### [Record extracts]
#####

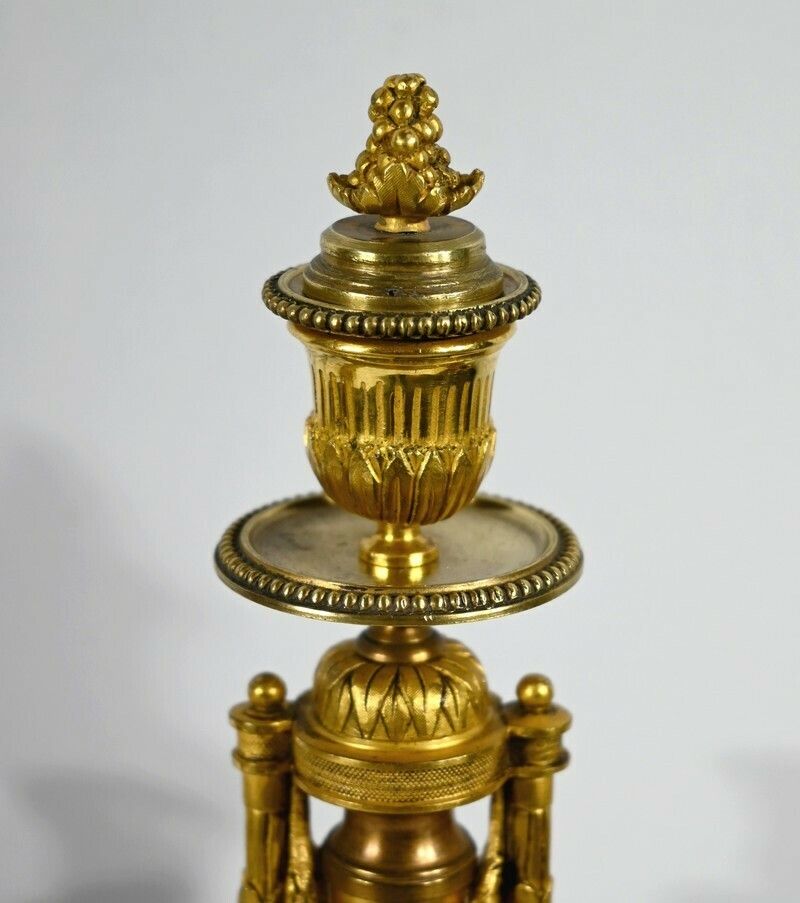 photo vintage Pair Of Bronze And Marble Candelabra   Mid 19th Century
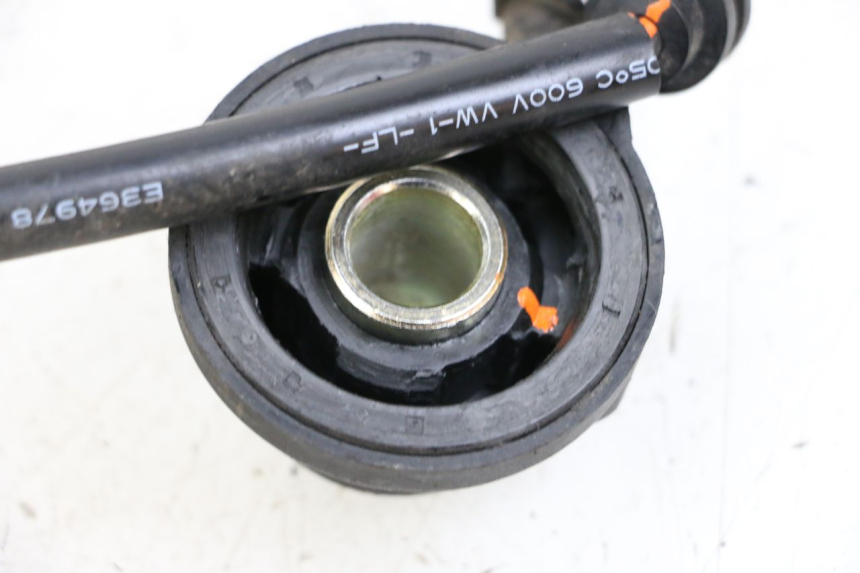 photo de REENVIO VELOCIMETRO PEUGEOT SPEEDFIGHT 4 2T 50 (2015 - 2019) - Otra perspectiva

#####

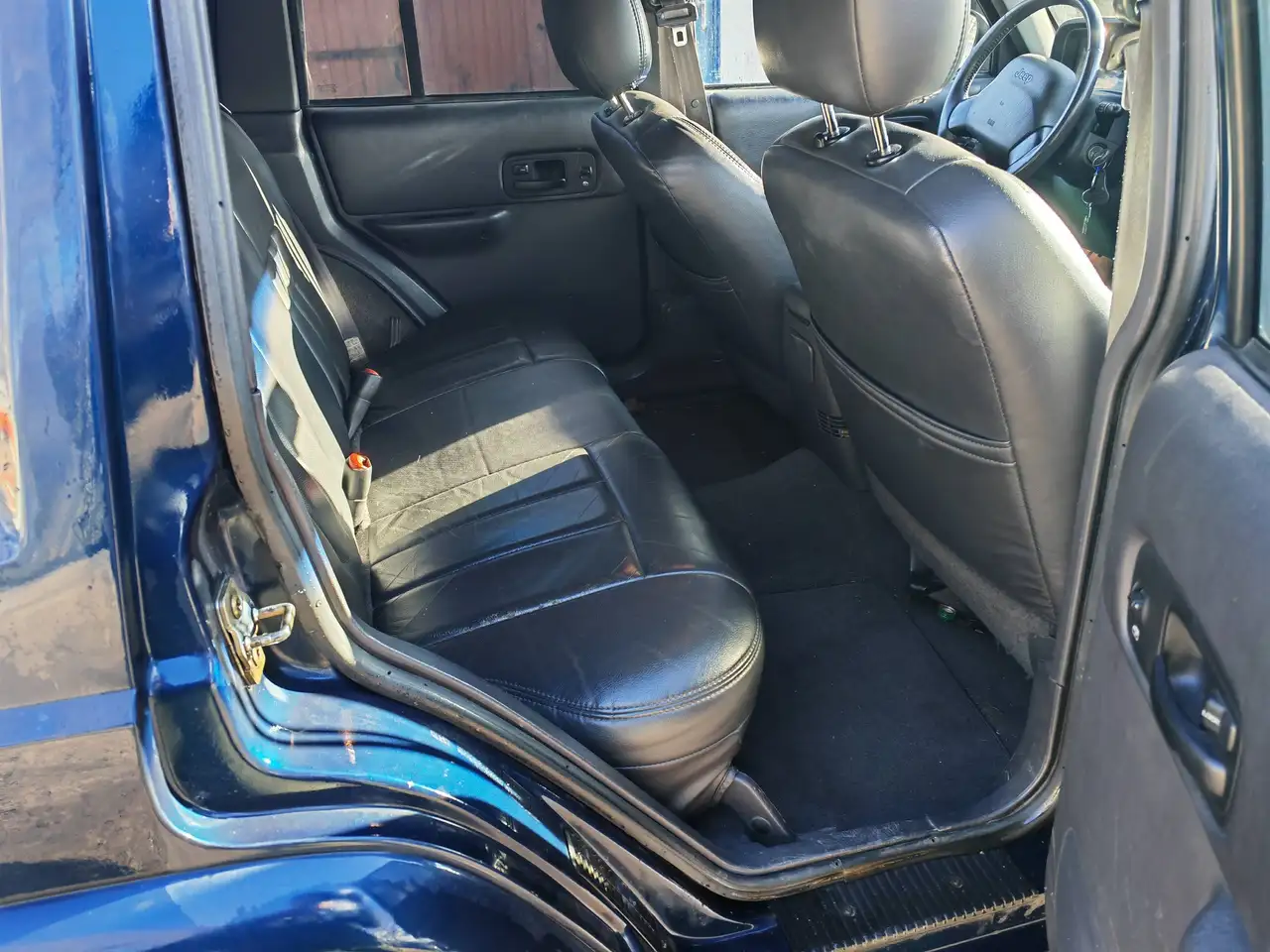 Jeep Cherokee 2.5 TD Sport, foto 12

#####

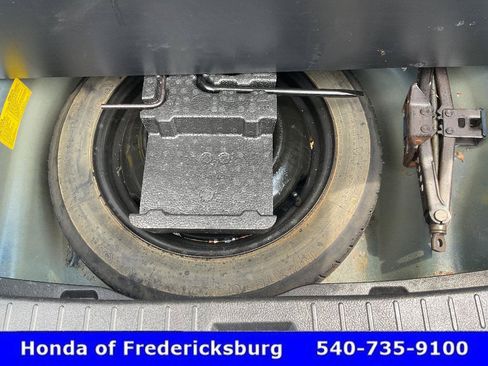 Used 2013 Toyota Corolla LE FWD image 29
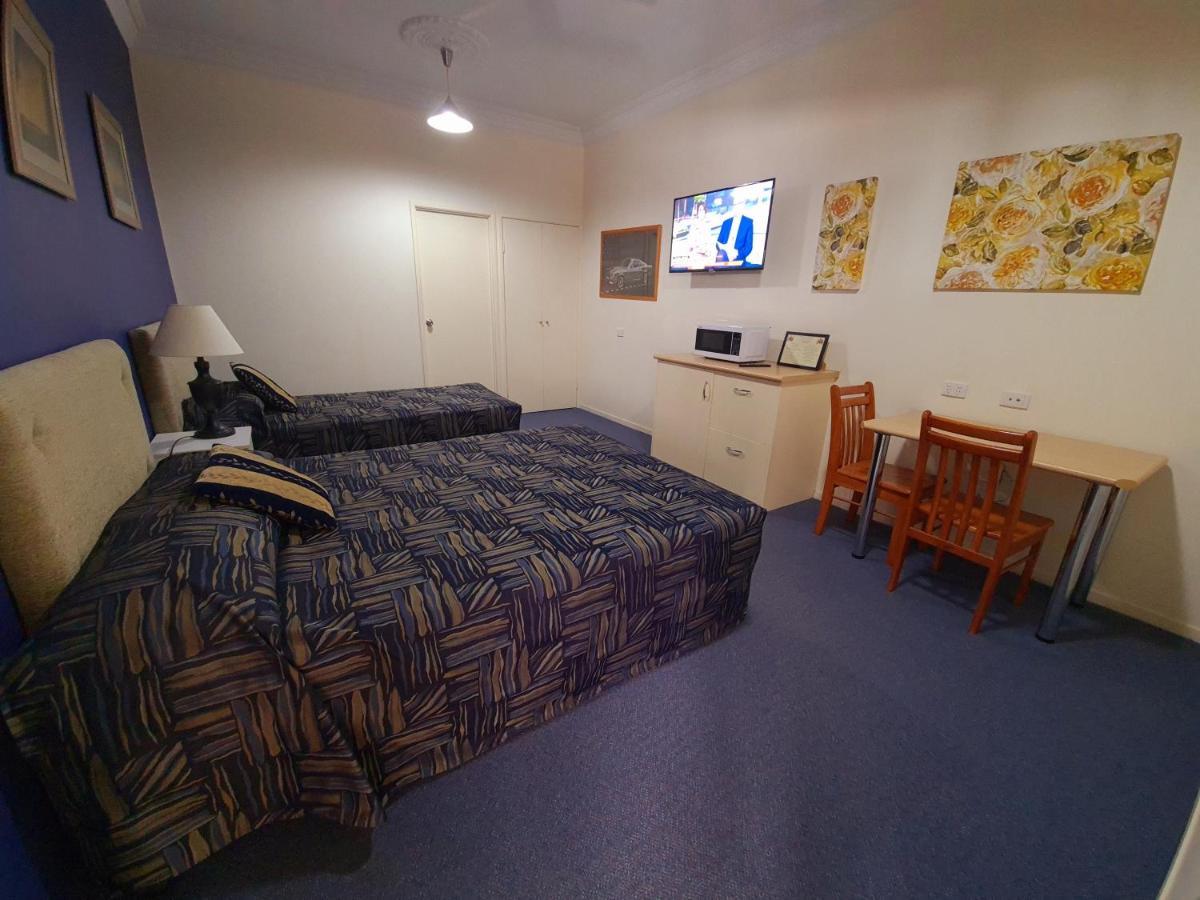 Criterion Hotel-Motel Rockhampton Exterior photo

#####

Here the job is to copy the stretch of records from the line containing "photo vintage Pair" through the line containing "photo de REENVIO", word for word. Leave every picture out.

 photo vintage Pair Of Bronze And Marble Candelabra   Mid 19th Century
 photo de REENVIO VELOCIMETRO PEUGEOT SPEEDFIGHT 4 2T 50 (2015 - 2019) - Otra perspectiva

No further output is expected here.